As noted previously, Policy 2 states that the policy does not provide coverage for "any claim based upon or arising out of any alleged negligent act, error, omission, or circumstance likely to give rise to a claim that an Insured had knowledge of prior to the effective date of this policy." (Complaint, Ex. B at p. 2). The April 21 letter states that because R & K failed to "provide direction in the past," the City was required to execute four change orders directly related to R & K's design omissions, which required the City to incur $162,000 in costs. While the April 21 letter may appear to be a claim separate from the claims made previously, it is in fact a more detailed accounting of the claims made on January 18, February 15 and March 22. For example, in its March 22 letter, the City referred to substantial omissions in R & K's drawings which required costly modifications. Further, the City stated that, at a later date, it would contact R & K about the costs and delays on the project. The April 21 letter is likely the future contact to which the City referred in its March 22 letter. Thus, rather than construing the April 21 letter as an additional claim, the court construes the letter as an addendum to the City's March 22 claim. Although R & K had knowledge of the events surrounding the costs referred to in the City's April 21 letter prior to Policy 2's effective date, R & K was not made aware of the exact costs its omissions required the City to incur, which the April 21 letter accomplished. Accordingly, the court finds that the costs referred to in the April 22 letter were simply an addendum to the City's March 22 claim and therefore, thus falls under the coverage provided by Policy 1.

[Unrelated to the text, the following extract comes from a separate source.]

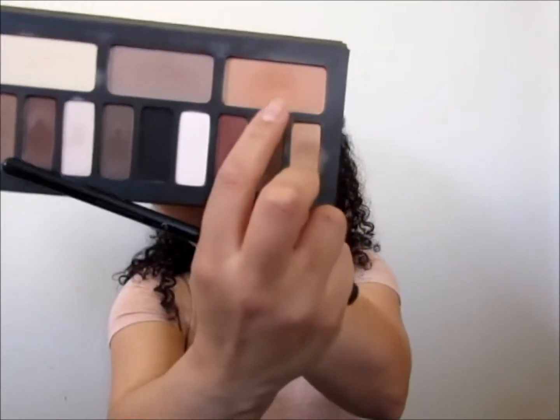I'll be saying goodbye to the ABH palette soon. I take the E40 blending brush and go into this color, and we're just going to blend, then go out a little bit.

IT IS THEREFORE RECOMMENDED that Plaintiff Lexington Insurance Company's motion for summary judgment be denied and Defendant Rugg and Knop Incorporated's motion for summary judgment be granted.
IT IS FURTHER RECOMMENDED that the Lexington Insurance Company's declaratory judgment action be dismissed and that declaratory judgment be entered to the effect that Lexington may not deny coverage for the Salt Lake City Corporation's claims against Rugg & Knopp on the ground that Lexington was not given timely notice of such claims.
The Clerk of Court is directed to transfer this case to a district judge to consider this recommendation. Pursuant to Local Rule 13.03(c), any party may object to this recommendation within 10 days from the date of service.